The night she broke up with me, she told me her doubts began at the Valentine's Day party. I am girl crazy, she diagnosed. She was too, of course, but I was too girl crazy. OK -- I was new in L.A. after having spent six years in the everlasting dark and frigid climate of Eastern Michigan. I was happy to meet strippers and porn stars. I was happy about her offer to take me to a porn set. Perhaps I had spent too many years confined in library cubicles with books instead of booty. I wanted to be part of the L.A. scene. I knew it was shallow -- but I didn't want to become a permanent fixture there.

But she had been there, done that -- no matter where "there" was and what "that" was.

- - - - - - - - - - - -

Friends, family members and therapists have offered several theories as to why she left me. Some of them give me solace. Others do not. The psychobabble theory goes like this: Despite her claim to be the exploiter when she strips, she is unconsciously disgusted with herself for what she does to make money. As a result, she has a problem making emotional connections with people. Her emotional aloofness gives her a sense of control over an environment in which she feels she is an object that can be bought. As I was looking to make our relationship a more emotionally intimate one, she began to feel threatened and used my so-called perversity as an excuse to reassert distance between us and regain control.

The friend theory goes like this: "She's fucked up! A fucking bitch! Pass me a beer."

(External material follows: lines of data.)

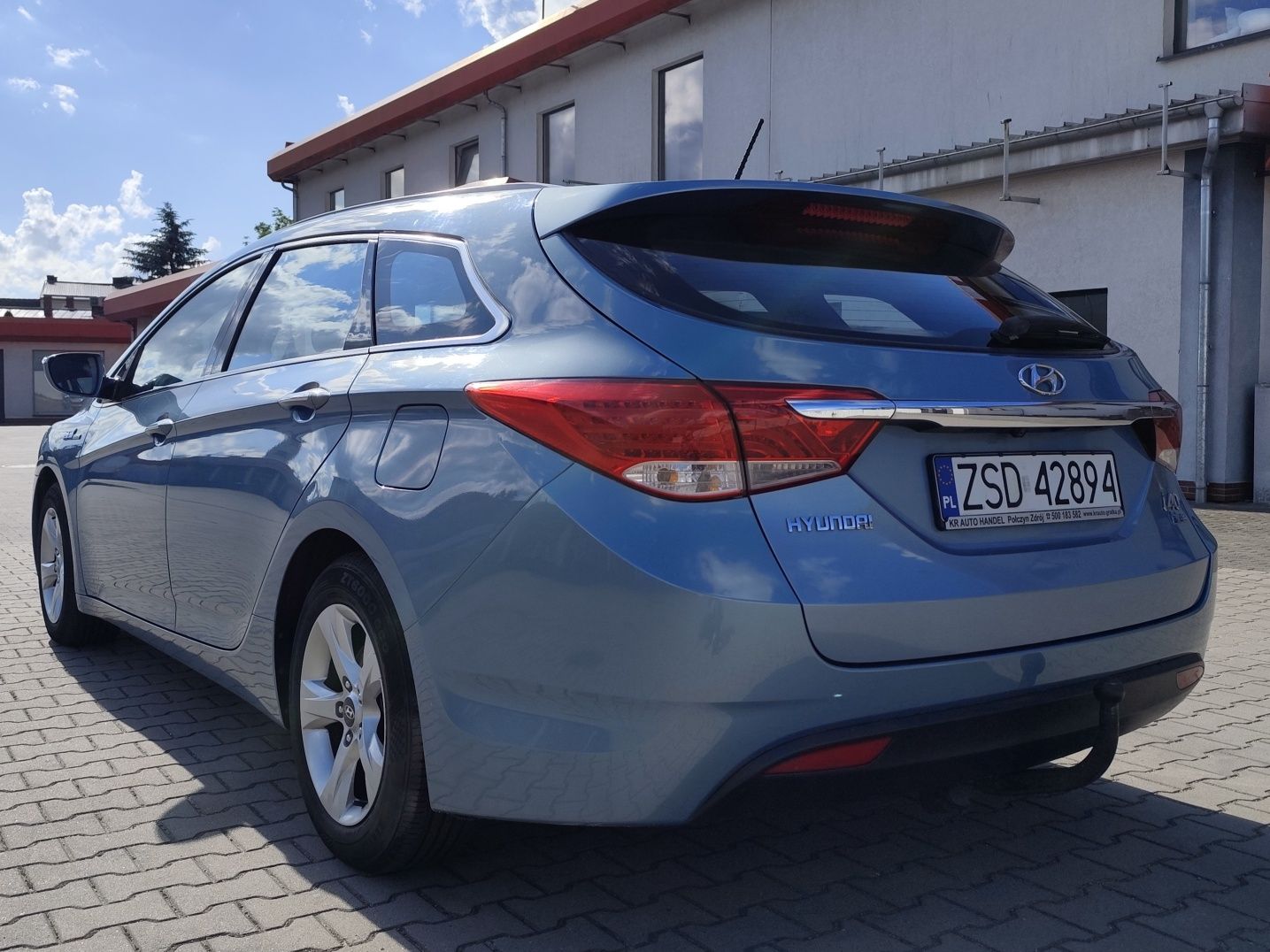 Hyundai i40 kombi hak bogate wyposażenie nawigacja
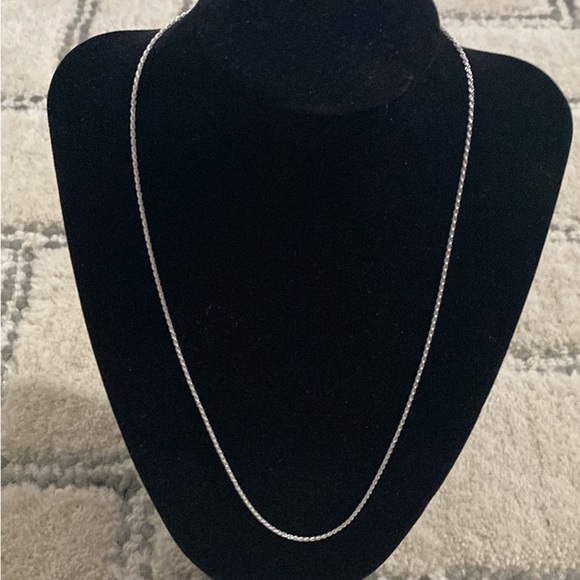 Real 925 Sterling Silver Diamond Cut Rope Chain Made in Italy 1.5mm 24 inch - Picture 1 of 2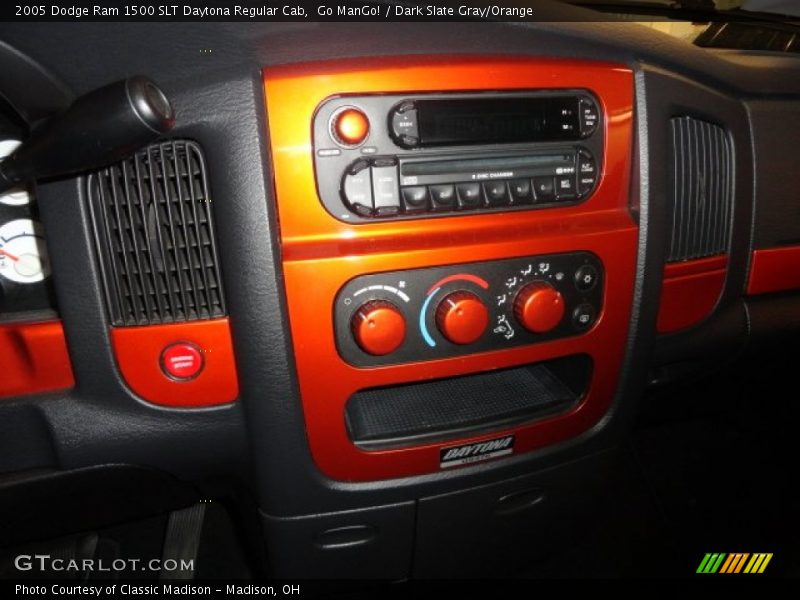 Controls of 2005 Ram 1500 SLT Daytona Regular Cab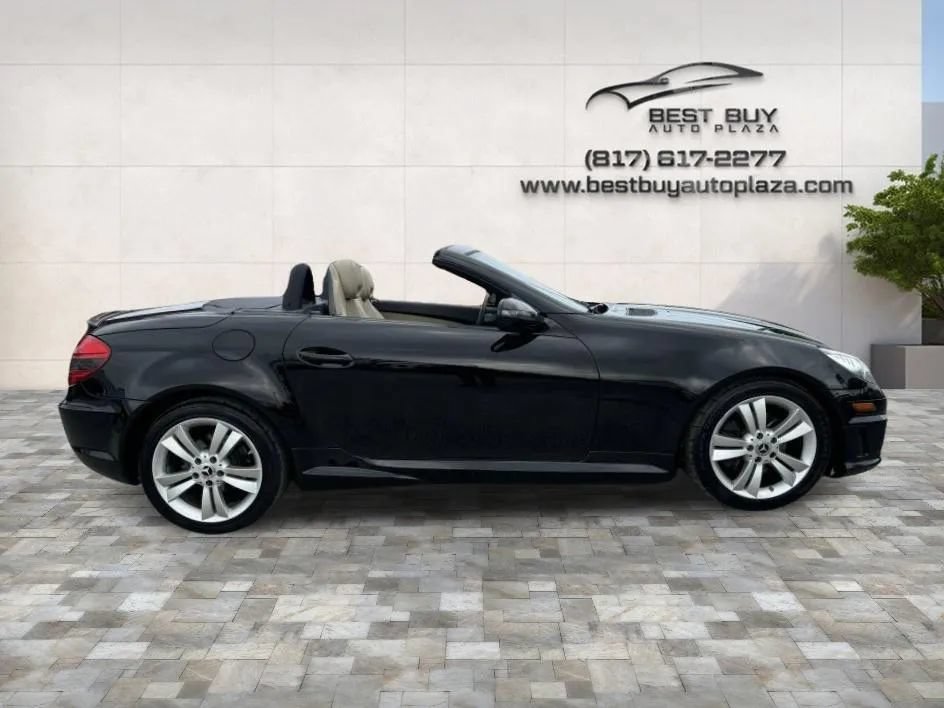 Used 2011 Mercedes-Benz SLK 300 image 14
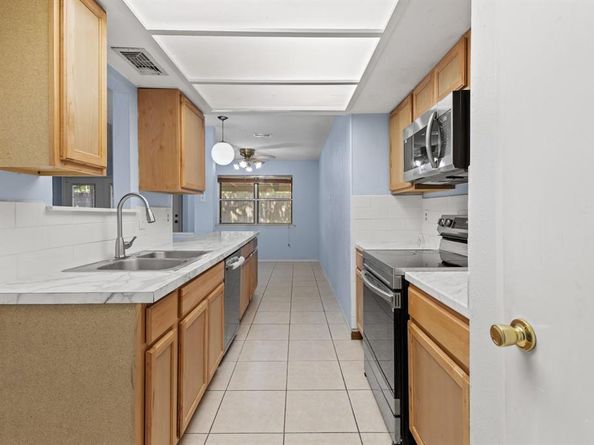 2508  Carriage Place , Arlington Texas 76014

My tarot reader believes that her body harbors the spirit of a wronged antebellum debutante who swore an oath to exact revenge on lascivious men.

My theory: I screwed up a good thing by revealing too much of my inner horn-dog. She would no doubt agree. I broke a few rules. The biggest? Don't tell your girlfriend how hot you think other girls are. Ever. Even if she's a bisexual stripper. Even if she tells you what she thinks about another girl. If she asks you what you think about the Pamela Anderson look-alike surrounded by slobbering men at a party, shrug your shoulders and say, "She's OK, I guess."

Now I find myself in a situation akin to Lois Lane's at the end of "Superman II." OK, she's a girl and I'm a guy, but just work with me here. Lois Lane had already done the hibbity-dibbity with the Man of Steel. But at the end he still had to be Superman and she, unfortunately, still had to be Margot Kidder (and that's not a fate I'd wish on anyone). Supey can't give up his day job for nookie, so what's she supposed to do after she's had a taste of the Super-cock?

"You're a hard act to follow," she tells him. In the movie, the situation is resolved with characteristic Hollywood ease: He swoops in for a kiss that conveniently makes her forget their fling. Like Lois, I need some potent nepenthe to erase the memory of my sybaritic pleasures. Unfortunately, no such thing exists in real life.

I'll try to take some comfort in the fact there's still at least one sexual frontier yet for me to conquer: two women. I had it within my grasp and yet it never happened. Maybe one day I'll get there, and that will be the kiss I need to move on.


By Jay Griffith

Jay Griffith is a writer in Los Angeles.